## What is expected
Exactly the lines from the start of the data below through the line containing "Постельное белье 1,5 спальный комплект" must be returned, and no others.

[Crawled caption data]
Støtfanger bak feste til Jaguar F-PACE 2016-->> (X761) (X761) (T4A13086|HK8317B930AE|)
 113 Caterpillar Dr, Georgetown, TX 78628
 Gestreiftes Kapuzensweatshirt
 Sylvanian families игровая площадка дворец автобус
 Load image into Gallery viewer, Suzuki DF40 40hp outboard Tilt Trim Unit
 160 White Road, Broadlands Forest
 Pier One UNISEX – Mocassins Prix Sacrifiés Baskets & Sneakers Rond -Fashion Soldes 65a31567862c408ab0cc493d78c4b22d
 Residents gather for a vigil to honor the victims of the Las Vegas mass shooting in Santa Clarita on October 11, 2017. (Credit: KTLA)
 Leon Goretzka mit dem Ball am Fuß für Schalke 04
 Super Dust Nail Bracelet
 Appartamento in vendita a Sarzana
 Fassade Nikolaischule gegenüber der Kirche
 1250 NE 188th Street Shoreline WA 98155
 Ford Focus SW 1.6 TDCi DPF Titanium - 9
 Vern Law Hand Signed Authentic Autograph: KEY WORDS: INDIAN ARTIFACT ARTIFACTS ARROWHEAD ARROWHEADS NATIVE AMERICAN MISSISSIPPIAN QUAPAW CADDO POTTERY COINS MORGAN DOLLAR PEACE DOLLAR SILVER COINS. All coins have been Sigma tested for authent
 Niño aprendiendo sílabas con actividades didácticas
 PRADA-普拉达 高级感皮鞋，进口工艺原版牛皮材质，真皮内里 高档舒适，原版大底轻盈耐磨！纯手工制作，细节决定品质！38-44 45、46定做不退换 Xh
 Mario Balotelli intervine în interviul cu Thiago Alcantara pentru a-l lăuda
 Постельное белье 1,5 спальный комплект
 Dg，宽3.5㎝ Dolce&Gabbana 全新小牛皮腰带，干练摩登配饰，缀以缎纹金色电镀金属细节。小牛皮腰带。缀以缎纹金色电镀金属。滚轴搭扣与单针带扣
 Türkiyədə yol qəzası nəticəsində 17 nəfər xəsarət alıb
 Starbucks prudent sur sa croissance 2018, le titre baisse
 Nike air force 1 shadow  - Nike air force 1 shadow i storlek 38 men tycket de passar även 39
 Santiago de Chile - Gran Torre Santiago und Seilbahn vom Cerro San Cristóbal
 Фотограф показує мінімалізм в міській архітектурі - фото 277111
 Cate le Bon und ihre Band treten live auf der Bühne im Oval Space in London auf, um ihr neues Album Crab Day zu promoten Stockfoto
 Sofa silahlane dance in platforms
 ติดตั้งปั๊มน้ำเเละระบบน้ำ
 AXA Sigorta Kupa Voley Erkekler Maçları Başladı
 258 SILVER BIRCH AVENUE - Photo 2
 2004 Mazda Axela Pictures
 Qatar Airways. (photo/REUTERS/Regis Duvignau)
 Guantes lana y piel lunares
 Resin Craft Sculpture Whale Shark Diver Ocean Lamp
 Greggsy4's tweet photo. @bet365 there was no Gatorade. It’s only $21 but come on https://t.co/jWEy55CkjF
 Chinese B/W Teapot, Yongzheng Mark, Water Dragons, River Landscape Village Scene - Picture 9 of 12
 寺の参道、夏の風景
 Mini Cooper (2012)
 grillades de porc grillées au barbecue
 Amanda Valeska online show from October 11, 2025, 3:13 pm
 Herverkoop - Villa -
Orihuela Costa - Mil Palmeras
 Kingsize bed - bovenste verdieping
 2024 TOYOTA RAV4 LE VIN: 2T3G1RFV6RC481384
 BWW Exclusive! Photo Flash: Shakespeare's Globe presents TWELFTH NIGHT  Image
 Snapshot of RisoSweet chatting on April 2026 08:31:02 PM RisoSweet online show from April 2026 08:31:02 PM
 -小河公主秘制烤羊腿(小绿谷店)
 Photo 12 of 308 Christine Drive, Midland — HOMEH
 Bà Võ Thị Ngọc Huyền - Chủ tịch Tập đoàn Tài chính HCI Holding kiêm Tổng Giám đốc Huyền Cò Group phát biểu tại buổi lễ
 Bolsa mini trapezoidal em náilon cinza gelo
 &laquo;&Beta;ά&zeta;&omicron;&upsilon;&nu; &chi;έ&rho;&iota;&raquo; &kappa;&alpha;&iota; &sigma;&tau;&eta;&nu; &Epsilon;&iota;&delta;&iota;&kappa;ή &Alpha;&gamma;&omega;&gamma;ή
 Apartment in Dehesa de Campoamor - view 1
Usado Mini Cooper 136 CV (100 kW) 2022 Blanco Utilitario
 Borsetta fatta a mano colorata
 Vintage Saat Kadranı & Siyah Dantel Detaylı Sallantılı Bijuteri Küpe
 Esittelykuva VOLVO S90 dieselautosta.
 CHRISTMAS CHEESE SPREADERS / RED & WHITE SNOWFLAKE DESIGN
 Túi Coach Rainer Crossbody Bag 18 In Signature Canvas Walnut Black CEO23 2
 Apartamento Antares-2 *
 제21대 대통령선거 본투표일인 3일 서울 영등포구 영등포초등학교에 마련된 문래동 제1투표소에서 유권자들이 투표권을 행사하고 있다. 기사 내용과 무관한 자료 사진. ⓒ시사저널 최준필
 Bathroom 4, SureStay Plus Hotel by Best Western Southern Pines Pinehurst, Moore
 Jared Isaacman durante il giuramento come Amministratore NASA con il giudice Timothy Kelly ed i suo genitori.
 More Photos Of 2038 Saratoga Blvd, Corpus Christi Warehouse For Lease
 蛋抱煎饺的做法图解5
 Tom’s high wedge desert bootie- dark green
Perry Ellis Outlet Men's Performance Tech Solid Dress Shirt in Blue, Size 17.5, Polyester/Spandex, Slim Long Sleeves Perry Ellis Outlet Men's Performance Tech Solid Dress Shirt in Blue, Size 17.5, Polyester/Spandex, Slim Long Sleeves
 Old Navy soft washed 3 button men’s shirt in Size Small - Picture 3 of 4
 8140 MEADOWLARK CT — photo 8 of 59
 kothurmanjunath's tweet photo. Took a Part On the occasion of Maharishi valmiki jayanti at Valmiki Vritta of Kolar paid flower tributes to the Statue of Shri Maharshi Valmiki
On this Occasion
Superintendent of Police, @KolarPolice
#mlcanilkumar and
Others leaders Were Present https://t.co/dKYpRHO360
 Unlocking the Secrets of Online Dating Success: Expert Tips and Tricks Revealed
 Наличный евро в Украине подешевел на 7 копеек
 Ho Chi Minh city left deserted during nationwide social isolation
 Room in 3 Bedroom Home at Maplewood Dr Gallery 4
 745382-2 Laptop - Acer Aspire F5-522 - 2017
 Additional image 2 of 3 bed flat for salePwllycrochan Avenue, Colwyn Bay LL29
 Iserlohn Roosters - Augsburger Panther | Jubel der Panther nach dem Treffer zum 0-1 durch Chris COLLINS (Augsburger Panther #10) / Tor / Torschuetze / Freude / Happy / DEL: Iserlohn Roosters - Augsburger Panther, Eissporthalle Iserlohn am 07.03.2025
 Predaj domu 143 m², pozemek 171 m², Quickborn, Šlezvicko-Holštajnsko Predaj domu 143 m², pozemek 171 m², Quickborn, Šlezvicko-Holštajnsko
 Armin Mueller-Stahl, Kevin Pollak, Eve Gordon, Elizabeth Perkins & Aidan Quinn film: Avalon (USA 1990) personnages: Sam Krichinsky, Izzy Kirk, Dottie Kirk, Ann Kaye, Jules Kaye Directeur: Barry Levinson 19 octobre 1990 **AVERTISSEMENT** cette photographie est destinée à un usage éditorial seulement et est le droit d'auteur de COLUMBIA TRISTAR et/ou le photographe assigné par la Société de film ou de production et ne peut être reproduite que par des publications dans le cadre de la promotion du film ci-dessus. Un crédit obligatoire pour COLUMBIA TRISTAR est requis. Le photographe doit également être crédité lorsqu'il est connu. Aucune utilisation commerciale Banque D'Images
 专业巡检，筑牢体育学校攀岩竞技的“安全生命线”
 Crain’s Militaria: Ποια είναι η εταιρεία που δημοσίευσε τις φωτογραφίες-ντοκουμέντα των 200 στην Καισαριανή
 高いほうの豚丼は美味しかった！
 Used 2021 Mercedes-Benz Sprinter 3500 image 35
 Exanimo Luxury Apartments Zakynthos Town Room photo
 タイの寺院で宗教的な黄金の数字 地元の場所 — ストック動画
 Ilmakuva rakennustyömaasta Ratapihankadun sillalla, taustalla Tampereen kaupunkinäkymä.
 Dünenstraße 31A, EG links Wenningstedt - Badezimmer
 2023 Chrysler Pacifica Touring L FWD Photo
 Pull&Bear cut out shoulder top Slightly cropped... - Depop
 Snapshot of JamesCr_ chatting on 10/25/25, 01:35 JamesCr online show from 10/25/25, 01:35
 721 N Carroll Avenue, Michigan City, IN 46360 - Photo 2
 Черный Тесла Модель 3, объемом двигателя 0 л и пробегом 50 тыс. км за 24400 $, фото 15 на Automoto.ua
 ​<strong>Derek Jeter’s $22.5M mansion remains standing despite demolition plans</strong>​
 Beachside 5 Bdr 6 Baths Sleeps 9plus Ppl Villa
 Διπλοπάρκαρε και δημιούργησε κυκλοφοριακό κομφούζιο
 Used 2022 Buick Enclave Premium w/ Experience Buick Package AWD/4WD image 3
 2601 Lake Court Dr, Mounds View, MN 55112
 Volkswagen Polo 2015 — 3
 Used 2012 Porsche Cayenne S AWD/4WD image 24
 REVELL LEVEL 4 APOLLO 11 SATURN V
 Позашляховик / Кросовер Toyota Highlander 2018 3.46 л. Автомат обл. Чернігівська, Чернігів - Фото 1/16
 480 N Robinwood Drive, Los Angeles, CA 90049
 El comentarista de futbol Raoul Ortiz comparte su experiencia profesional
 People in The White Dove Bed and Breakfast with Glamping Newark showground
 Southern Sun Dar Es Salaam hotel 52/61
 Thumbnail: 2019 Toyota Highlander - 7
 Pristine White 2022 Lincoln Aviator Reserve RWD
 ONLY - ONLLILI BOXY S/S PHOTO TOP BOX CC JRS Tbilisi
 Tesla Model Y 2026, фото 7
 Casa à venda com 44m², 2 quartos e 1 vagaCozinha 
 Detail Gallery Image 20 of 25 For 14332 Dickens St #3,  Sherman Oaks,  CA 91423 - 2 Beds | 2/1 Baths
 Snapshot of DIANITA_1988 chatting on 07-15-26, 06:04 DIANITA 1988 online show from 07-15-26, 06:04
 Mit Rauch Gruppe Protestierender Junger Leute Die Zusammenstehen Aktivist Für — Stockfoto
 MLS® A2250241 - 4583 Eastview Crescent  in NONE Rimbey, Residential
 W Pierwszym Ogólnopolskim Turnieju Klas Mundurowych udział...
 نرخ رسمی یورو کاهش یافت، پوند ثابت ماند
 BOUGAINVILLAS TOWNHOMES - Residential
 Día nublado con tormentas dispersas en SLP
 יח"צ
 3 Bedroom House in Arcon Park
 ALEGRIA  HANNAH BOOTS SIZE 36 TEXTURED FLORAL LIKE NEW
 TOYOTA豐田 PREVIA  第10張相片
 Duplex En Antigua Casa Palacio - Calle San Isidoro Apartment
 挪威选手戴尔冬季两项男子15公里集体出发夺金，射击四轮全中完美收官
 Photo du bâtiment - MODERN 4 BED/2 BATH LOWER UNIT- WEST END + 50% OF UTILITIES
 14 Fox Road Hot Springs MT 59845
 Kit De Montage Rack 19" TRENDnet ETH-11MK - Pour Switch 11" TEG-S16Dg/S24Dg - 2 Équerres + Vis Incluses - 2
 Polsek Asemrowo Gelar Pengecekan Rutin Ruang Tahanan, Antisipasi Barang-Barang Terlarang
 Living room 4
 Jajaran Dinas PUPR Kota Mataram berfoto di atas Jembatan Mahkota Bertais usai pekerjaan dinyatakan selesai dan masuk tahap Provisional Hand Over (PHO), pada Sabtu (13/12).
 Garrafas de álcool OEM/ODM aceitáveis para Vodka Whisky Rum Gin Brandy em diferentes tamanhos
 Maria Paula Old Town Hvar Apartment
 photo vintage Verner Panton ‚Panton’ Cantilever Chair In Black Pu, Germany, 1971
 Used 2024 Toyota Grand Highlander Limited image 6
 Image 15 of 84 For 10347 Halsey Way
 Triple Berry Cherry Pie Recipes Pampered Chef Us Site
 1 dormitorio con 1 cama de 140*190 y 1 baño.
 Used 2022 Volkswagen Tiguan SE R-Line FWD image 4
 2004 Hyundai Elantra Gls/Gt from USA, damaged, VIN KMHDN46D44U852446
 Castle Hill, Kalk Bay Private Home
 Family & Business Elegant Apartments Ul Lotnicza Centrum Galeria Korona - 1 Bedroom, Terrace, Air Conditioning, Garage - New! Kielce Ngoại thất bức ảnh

## Final answer
Støtfanger bak feste til Jaguar F-PACE 2016-->> (X761) (X761) (T4A13086|HK8317B930AE|)
 113 Caterpillar Dr, Georgetown, TX 78628
 Gestreiftes Kapuzensweatshirt
 Sylvanian families игровая площадка дворец автобус
 Load image into Gallery viewer, Suzuki DF40 40hp outboard Tilt Trim Unit
 160 White Road, Broadlands Forest
 Pier One UNISEX – Mocassins Prix Sacrifiés Baskets & Sneakers Rond -Fashion Soldes 65a31567862c408ab0cc493d78c4b22d
 Residents gather for a vigil to honor the victims of the Las Vegas mass shooting in Santa Clarita on October 11, 2017. (Credit: KTLA)
 Leon Goretzka mit dem Ball am Fuß für Schalke 04
 Super Dust Nail Bracelet
 Appartamento in vendita a Sarzana
 Fassade Nikolaischule gegenüber der Kirche
 1250 NE 188th Street Shoreline WA 98155
 Ford Focus SW 1.6 TDCi DPF Titanium - 9
 Vern Law Hand Signed Authentic Autograph: KEY WORDS: INDIAN ARTIFACT ARTIFACTS ARROWHEAD ARROWHEADS NATIVE AMERICAN MISSISSIPPIAN QUAPAW CADDO POTTERY COINS MORGAN DOLLAR PEACE DOLLAR SILVER COINS. All coins have been Sigma tested for authent
 Niño aprendiendo sílabas con actividades didácticas
 PRADA-普拉达 高级感皮鞋，进口工艺原版牛皮材质，真皮内里 高档舒适，原版大底轻盈耐磨！纯手工制作，细节决定品质！38-44 45、46定做不退换 Xh
 Mario Balotelli intervine în interviul cu Thiago Alcantara pentru a-l lăuda
 Постельное белье 1,5 спальный комплект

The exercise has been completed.